Some women discussed how they used their identities as mothers to navigate the risks associated with sex work. A woman who worked as a street sex worker described the physical dangers of sex work: “I was standing at the bus terminal. Suddenly someone pulled me and started to drag me. Then that person called the police van over. Along with me, others were pushed inside the van. We told them, we have children; we don’t have husbands, or homes. We need to work in this Pesa. We begged them to let us go to our children.” Many of the women faced threats from police or customers but reiterated that they needed the work to support their children.
The women identified as working mothers. Thus, according to Basnyat, they are simultaneously performing identities as “good mothers” by prioritizing the needs of their children and violating norms associated with being a “good mother” by serving as sex workers. One woman described the problems of navigating working motherhood: “Most domestic work or any kind of labor work [employers] will tell you they don’t want to give work to mothers with small children. Finding other work is the biggest solution but if there is no other option then naturally this Pesa is followed. We don’t need to eat fancy; a simple meal would be enough if we could find a job that would allow us to earn enough to educate [our] children, feed them and take care of them.” For many of the women, as for this participant, sex work is about survival.
Women also prioritized their children’s education and described working to care for their children alone, without familial support. According to Basnyat, the women “have a clear sense of agency to navigate and perform both roles [as sex worker and accepted mother].” One woman said, “I didn’t get a chance to get an education. Even if I am not educated, I still have this Pesa. From this, I can educate my children, I can keep a roof over their heads, and I can feed them, take care of them. There is nothing for me but at least I have work. I can stand on my own two feet and take care of my children.” Basnyat argues that the women follow the norms of motherhood by providing for their children financially; although they provide for their children through stigmatized sex work, this does not compromise their identities as mothers.
Struggles and survival
Women’s sex work is also tied to social practices that limit women’s rights. In Nepal, women’s citizenship is granted through their fathers or husbands. Without citizenship, women may struggle to get jobs. One woman said, “I started this Pesa because [my] husband was abusive. He took my citizenship and wouldn’t give it to me. He kept it, so he wouldn’t have to give me any land or inheritance for my children. I am not educated, I don’t know how to write my name. I was afraid to look for other jobs because I don’t have my citizenship card.”
Basnyat also discusses the myriad ways that women navigate their identities as sex workers, including trying to conceal this identity from others, such as their children. Although all the sex workers in the study were married, they were living alone and were the sole providers for their children. To avoid the stigma associated with sex work, some claimed that their husbands were migrant workers; thus, they were able to explain both their husbands’ absence and their income, without claiming the stigmatized identity of sex worker.
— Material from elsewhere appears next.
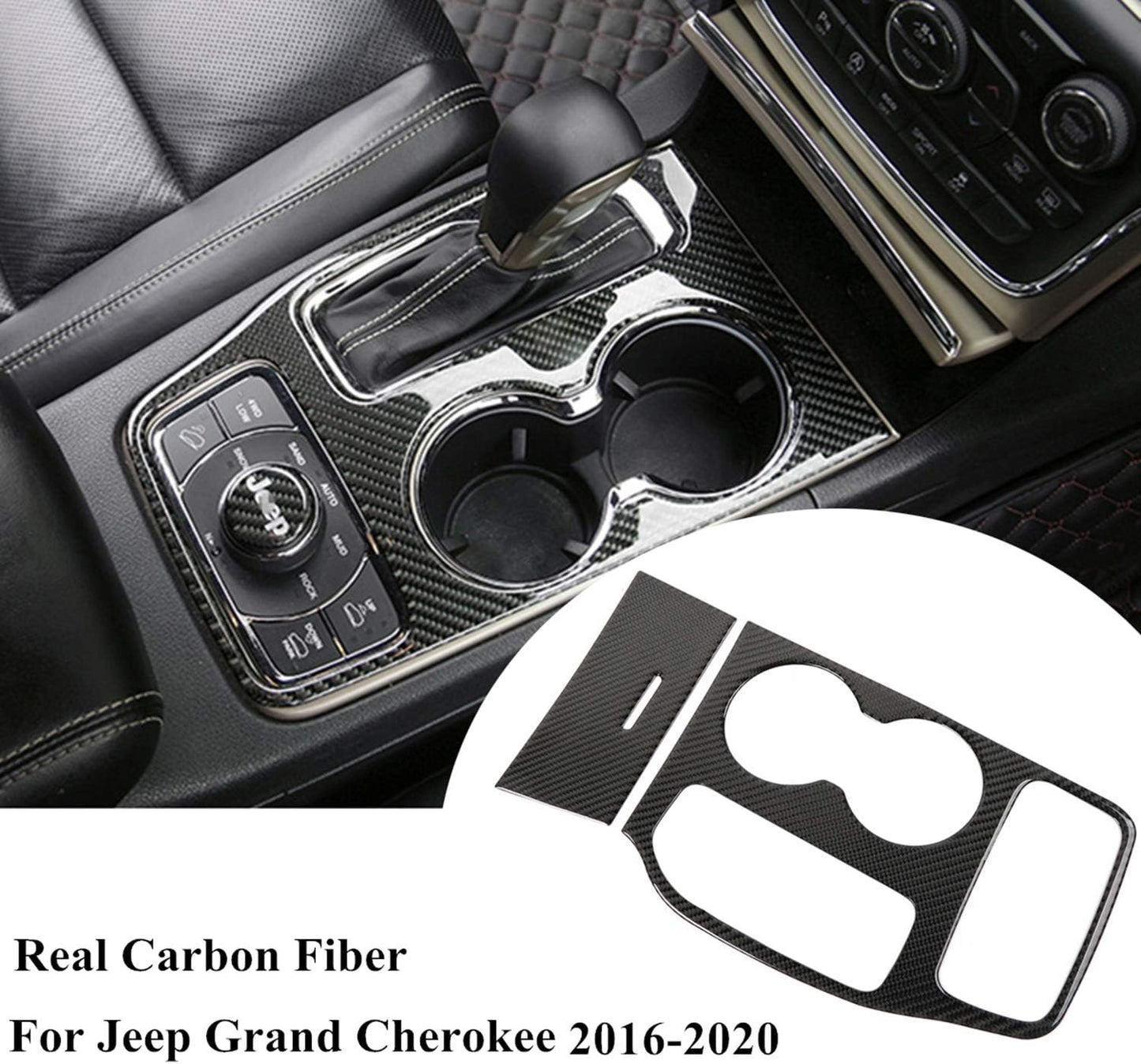 YOCTM For Jeep Grand Cherokee 2016 2017 2018 2019 2020 2021 Interior Accessories Gear Shift Cup Holder Cover Real Carbon Fiber Cup Holder Center Console Trim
In addition, some sex workers worried about what would happen when their children realized what they did for a living. Despite those concerns, participants conveyed their pride in working on behalf of their children’s best interests: “I have struggled, I have gotten beaten so many times, I have faced so many things, but I am proud because my son is in 12th grade now and my daughter is in 5th grade. Education is everything.”
Basnyat concludes that the women sex workers in the study used their agency in choosing sex work to provide for their families and in choosing to define sex work as a Pesa that they undertook to give them the ability to care for their children. In doing so, the women showed that they were not defined by the stigmatized identity of sex worker, but rather defined themselves as working mothers.